🤖 AI Summary
Existing AI agent evaluation relies predominantly on binary, final-state correctness judgments, neglecting critical dimensions such as safety, execution efficiency, and intermediate-step validity.
Method: We propose a task modeling paradigm grounded in deterministic finite automata (DFA), enabling structured representation of task specifications. Building upon this, we introduce a five-dimensional fine-grained evaluation framework assessing path correctness, ordering consistency, prefix criticality, hazardous API call rate, and execution efficiency. Our methodology integrates Kendall rank correlation, exact path-matching algorithms, and risk-aware API call detection to enable quantifiable, interpretable analysis of the entire function-call sequence.
Contribution/Results: Experiments across diverse environments demonstrate that our framework effectively discriminates between agents exhibiting comparable performance under conventional metrics—thereby significantly improving assessment accuracy and discriminative power.

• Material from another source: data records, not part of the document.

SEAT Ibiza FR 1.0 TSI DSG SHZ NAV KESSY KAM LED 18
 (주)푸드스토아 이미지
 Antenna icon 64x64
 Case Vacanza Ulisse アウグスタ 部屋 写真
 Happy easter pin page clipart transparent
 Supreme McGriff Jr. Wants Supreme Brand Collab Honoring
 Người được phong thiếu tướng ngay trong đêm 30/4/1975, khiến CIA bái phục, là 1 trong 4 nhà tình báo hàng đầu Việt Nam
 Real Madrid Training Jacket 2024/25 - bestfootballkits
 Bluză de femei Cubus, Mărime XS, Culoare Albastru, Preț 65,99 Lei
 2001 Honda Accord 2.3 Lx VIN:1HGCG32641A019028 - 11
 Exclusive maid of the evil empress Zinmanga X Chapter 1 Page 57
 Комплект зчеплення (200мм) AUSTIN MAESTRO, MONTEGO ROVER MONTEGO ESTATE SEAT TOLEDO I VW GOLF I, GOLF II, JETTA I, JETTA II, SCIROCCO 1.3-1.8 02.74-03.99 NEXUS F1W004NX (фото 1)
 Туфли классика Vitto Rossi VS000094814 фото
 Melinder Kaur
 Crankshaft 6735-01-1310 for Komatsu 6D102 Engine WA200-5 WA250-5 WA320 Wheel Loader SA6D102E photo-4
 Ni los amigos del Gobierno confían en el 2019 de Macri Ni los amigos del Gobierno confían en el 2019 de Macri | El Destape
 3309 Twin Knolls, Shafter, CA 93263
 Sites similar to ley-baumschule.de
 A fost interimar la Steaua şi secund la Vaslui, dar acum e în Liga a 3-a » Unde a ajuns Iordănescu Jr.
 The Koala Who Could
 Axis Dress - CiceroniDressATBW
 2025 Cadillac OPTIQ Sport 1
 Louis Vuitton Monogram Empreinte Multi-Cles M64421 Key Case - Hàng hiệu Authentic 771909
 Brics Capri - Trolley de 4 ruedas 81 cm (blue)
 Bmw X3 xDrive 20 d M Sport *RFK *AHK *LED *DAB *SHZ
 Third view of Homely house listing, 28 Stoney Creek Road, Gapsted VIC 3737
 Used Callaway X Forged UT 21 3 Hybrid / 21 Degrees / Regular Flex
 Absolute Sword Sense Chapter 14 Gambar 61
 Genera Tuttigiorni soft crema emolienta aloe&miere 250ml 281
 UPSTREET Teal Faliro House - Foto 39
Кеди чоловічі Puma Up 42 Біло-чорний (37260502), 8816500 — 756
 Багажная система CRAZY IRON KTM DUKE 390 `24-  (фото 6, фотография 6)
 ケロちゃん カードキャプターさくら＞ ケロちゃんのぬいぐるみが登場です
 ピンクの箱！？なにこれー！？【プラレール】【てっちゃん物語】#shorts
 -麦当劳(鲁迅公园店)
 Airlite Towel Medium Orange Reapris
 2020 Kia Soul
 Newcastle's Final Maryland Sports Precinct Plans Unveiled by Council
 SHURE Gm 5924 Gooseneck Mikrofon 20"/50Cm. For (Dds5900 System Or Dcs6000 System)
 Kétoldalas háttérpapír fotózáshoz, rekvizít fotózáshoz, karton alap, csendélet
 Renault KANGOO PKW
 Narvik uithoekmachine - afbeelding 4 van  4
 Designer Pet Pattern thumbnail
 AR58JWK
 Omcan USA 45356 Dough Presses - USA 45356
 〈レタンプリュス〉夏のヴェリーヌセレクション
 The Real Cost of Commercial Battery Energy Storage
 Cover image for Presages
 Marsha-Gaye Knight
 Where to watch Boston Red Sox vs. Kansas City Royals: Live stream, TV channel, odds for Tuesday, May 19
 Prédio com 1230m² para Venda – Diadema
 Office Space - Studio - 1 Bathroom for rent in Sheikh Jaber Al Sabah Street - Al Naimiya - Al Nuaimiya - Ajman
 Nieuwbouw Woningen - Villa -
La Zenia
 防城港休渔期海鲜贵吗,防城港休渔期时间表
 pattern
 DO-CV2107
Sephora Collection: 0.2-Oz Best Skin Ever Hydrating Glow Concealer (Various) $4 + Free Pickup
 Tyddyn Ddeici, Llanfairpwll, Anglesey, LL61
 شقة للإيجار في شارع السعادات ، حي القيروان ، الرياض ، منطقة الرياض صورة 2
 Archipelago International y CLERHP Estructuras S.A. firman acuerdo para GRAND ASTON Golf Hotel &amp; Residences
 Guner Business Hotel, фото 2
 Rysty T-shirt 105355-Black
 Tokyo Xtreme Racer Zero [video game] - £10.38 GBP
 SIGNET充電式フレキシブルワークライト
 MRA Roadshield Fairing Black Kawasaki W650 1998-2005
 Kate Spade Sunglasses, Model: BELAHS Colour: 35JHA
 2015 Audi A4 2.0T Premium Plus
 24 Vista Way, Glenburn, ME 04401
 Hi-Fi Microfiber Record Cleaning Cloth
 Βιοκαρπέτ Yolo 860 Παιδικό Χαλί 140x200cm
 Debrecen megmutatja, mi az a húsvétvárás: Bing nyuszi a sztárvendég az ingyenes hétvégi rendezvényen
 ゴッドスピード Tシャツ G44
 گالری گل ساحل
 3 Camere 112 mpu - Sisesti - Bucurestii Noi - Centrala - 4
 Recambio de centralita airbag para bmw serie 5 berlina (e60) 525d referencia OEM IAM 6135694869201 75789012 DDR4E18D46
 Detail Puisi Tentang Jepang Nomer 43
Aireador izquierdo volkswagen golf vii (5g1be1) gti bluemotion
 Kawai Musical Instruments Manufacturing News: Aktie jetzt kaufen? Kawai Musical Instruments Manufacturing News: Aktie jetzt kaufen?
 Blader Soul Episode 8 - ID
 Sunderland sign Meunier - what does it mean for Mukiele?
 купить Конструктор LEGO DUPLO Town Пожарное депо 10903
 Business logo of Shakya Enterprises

This work establishes a novel, principled paradigm for evaluating the reliability of large language model–based agents.
📝 Abstract
Evaluating AI agents that solve real-world tasks through function-call sequences remains an open challenge. Existing agentic benchmarks often reduce evaluation to a binary judgment of the final state, overlooking critical aspects such as safety, efficiency, and intermediate correctness. We propose a framework based on deterministic finite automata (DFAs) that encodes tasks as sets of valid tool-use paths, enabling principled assessment of agent behavior in diverse world models. Building on this foundation, we introduce CORE, a suite of five metrics, namely Path Correctness, Path Correctness - Kendall's tau Composite, Prefix Criticality, Harmful-Call Rate, and Efficiency, that quantify alignment with expected execution patterns. Across diverse worlds, our method reveals important performance differences between agents that would otherwise appear equivalent under traditional final-state evaluation schemes.